The Root Of All Evil, Part One

People often quote Knuth's famous statement that premature optimization is the root of all evil. Boy, has that ever been the theme of my life these last few weeks as I've been banging my head against the compiler trying to figure out how we're going to make it work with LINQ without breaking backwards compatibility. Some seemingly harmless premature optimizations in the compiler are eating up precious time dealing with how to work around them.

Before I can explain what exactly the premature optimization is that's drivin' me nuts, a short quiz. Suppose you've got an enumerated type E with value X.

E e1 = E.X;
E e2 = 0 | E.X;
E e3 = E.X | 0;
E e4 = E.X | 0 | 0;
E e5 = 0 | E.X | 0;
E e6 = 0 | 0 | E.X;

All of these are legal according to the compiler. One of these is illegal according to the specification. Before you read on, take a guess as to which one, and why.

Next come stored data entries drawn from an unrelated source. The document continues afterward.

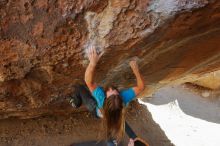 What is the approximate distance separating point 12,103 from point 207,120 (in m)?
5.54

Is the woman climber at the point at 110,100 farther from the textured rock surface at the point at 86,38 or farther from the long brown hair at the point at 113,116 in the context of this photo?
the textured rock surface at the point at 86,38

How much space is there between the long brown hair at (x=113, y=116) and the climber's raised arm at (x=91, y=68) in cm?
23

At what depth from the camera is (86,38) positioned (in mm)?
3914

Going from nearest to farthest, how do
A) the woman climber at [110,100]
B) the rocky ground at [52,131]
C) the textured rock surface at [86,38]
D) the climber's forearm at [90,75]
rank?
the textured rock surface at [86,38] < the woman climber at [110,100] < the climber's forearm at [90,75] < the rocky ground at [52,131]

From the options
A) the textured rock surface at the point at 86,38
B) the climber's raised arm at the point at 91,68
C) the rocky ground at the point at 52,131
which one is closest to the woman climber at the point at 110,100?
the climber's raised arm at the point at 91,68

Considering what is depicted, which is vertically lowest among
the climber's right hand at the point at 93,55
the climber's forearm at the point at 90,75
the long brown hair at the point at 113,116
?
the long brown hair at the point at 113,116

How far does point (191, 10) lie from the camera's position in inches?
144

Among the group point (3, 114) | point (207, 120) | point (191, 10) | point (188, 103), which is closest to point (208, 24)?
point (191, 10)

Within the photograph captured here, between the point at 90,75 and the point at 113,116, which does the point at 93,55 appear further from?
the point at 113,116

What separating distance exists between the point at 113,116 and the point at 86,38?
0.78 m

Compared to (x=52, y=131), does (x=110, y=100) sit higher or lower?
higher

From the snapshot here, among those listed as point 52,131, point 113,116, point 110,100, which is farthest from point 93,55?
point 52,131

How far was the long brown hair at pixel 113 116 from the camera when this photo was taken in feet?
12.5

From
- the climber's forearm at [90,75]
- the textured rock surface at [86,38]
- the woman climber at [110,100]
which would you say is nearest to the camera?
the textured rock surface at [86,38] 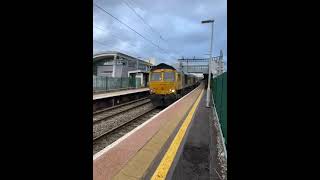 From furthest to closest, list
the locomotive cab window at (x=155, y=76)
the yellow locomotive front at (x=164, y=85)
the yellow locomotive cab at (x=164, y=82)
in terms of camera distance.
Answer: the locomotive cab window at (x=155, y=76)
the yellow locomotive cab at (x=164, y=82)
the yellow locomotive front at (x=164, y=85)

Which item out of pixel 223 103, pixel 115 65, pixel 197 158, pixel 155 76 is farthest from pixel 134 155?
pixel 115 65

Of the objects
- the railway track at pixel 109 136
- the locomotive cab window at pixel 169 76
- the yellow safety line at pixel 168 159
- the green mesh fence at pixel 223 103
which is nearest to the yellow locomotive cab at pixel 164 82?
the locomotive cab window at pixel 169 76

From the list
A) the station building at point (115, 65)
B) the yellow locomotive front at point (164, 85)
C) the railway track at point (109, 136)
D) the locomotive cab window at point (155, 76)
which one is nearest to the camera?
the railway track at point (109, 136)

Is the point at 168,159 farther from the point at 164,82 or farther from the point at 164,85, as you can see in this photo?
the point at 164,82

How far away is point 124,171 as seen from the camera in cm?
412

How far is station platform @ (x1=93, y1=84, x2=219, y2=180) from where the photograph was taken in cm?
403

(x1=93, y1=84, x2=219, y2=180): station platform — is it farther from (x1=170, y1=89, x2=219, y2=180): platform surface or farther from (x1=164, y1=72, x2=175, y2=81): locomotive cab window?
(x1=164, y1=72, x2=175, y2=81): locomotive cab window

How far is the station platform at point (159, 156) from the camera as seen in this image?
403 cm

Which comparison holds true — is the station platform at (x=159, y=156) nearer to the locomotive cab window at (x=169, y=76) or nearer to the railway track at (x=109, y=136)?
the railway track at (x=109, y=136)

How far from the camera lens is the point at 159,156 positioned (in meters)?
5.01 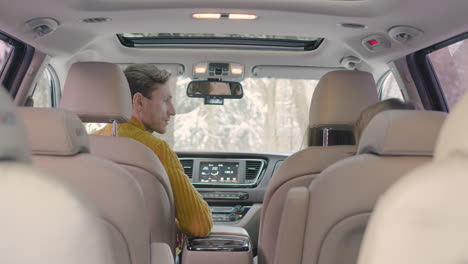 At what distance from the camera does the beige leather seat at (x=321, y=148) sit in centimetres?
337

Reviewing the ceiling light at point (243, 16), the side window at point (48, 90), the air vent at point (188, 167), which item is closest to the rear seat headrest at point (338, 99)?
the ceiling light at point (243, 16)

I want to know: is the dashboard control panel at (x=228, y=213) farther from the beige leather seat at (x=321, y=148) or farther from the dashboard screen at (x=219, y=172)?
the beige leather seat at (x=321, y=148)

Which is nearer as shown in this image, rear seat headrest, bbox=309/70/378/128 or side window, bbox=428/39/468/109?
rear seat headrest, bbox=309/70/378/128

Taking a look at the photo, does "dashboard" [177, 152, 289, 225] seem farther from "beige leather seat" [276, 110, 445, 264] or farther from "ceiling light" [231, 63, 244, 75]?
"beige leather seat" [276, 110, 445, 264]

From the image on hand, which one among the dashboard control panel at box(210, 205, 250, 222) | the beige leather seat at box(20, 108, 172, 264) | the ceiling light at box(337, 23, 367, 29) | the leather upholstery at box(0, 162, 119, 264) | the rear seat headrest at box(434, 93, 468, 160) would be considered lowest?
the dashboard control panel at box(210, 205, 250, 222)

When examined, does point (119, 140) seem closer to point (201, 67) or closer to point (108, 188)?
point (108, 188)

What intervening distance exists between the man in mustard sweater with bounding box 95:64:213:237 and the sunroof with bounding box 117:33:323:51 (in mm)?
1206

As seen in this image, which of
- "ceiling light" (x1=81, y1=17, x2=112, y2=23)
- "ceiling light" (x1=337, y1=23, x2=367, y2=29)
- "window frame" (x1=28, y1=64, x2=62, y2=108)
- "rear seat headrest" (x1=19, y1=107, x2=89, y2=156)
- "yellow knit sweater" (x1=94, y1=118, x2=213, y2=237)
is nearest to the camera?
"rear seat headrest" (x1=19, y1=107, x2=89, y2=156)

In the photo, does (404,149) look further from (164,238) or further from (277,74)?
(277,74)

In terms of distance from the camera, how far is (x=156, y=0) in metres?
3.72

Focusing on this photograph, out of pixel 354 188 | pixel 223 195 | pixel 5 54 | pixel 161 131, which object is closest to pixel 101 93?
pixel 161 131

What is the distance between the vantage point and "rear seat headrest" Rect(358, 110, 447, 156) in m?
2.16

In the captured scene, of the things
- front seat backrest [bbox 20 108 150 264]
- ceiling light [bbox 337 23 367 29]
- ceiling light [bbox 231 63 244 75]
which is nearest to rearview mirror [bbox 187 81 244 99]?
ceiling light [bbox 231 63 244 75]

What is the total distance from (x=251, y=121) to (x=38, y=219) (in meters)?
9.21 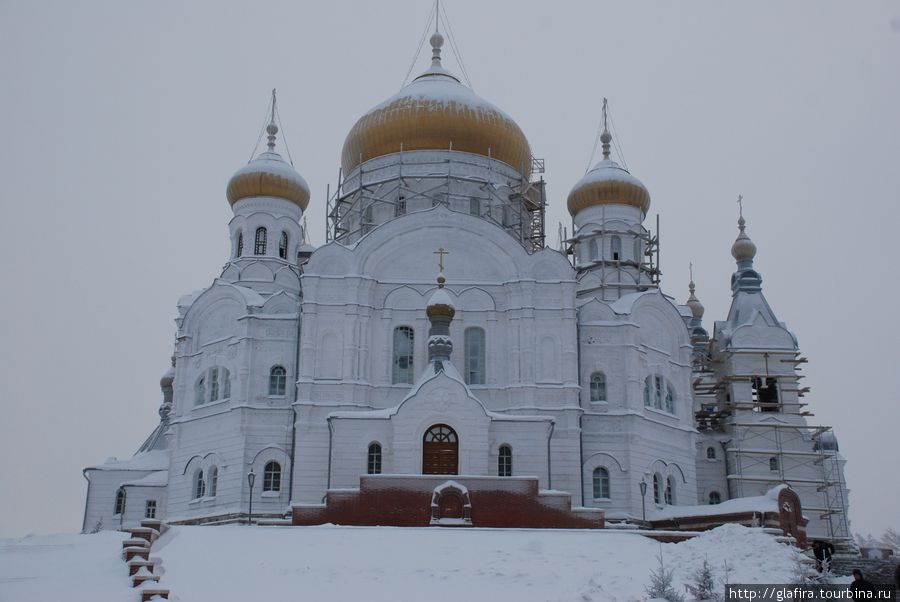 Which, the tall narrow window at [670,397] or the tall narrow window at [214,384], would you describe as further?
the tall narrow window at [670,397]

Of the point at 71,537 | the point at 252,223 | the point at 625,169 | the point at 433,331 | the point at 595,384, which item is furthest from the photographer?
the point at 625,169

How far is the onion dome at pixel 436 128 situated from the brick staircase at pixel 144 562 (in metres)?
21.2

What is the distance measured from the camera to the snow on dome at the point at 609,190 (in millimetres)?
40281

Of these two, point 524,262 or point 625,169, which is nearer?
point 524,262

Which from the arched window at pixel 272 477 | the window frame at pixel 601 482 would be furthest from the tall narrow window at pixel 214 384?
the window frame at pixel 601 482

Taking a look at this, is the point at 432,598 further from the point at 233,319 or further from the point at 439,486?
the point at 233,319

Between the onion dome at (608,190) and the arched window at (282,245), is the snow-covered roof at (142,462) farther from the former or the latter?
the onion dome at (608,190)

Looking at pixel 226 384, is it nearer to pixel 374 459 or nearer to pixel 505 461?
pixel 374 459

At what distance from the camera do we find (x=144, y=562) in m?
16.8

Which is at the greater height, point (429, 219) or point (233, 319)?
point (429, 219)

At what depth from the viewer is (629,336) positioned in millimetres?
34438

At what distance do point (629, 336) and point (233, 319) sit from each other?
12.6 metres

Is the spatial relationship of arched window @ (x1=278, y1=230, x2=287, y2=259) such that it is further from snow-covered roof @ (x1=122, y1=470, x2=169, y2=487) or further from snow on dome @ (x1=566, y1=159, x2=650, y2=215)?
snow on dome @ (x1=566, y1=159, x2=650, y2=215)

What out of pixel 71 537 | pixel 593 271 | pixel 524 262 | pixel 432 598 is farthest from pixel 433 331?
pixel 432 598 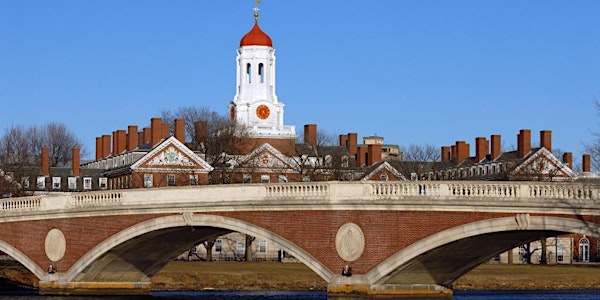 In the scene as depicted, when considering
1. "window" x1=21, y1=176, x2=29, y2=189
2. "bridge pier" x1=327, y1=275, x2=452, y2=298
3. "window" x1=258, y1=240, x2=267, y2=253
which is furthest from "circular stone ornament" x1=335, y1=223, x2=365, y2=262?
"window" x1=21, y1=176, x2=29, y2=189

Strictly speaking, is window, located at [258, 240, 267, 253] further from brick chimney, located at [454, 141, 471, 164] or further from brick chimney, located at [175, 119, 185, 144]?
brick chimney, located at [454, 141, 471, 164]

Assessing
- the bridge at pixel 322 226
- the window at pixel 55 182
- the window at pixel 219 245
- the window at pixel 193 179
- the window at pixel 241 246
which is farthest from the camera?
the window at pixel 55 182

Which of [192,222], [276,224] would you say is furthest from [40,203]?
[276,224]

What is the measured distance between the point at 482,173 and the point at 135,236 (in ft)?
192

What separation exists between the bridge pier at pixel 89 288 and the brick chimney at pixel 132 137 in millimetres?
48209

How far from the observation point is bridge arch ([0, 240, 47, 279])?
63.4m

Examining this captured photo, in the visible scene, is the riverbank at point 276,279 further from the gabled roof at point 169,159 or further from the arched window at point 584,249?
the arched window at point 584,249

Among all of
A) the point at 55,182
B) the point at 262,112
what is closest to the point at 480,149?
the point at 262,112

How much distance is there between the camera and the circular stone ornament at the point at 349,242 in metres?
51.4

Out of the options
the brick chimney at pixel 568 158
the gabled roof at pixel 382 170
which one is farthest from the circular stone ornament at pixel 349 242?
the brick chimney at pixel 568 158

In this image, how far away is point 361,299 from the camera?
5081cm

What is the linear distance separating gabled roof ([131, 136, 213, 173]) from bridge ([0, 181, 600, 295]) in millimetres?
37511

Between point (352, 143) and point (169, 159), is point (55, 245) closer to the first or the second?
point (169, 159)

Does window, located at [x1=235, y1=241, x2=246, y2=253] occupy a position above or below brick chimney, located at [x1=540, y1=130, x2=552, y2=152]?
below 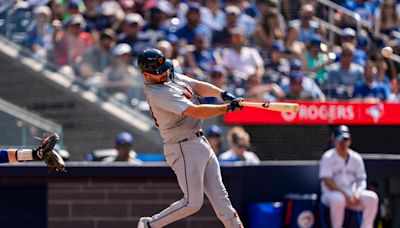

Now, producing sensible behaviour when we should be producing an error is the least bad of all possible spec violations, but still, it's irksome. It means that we have to ensure that we never comply with the spec, because if we suddenly turn this into an error, we might break an existing program.

Which of the above should be illegal? The first one is obviously good. The second and third are legal because section 13.1.3 says that literal zero is implicitly convertible to any enum, and section 14.10.2 says that you can binary-or two enumerated type values. We'll therefore convert the zero to the enumerated type and use the enum binary-or operator.

Since binary-or groups on the left, the fourth and fifth are legal. The left-hand part of the expression is evaluated first, and the right-hand zero is converted to the enumerated type.

The sixth case is illegal according to the spec, because this is the same as (0|0)|E.X – (0|0) is not a literal zero, it's a compile-time-constant expression that happens to equal zero, and there's no implicit conversion from that thing to any enumerated type!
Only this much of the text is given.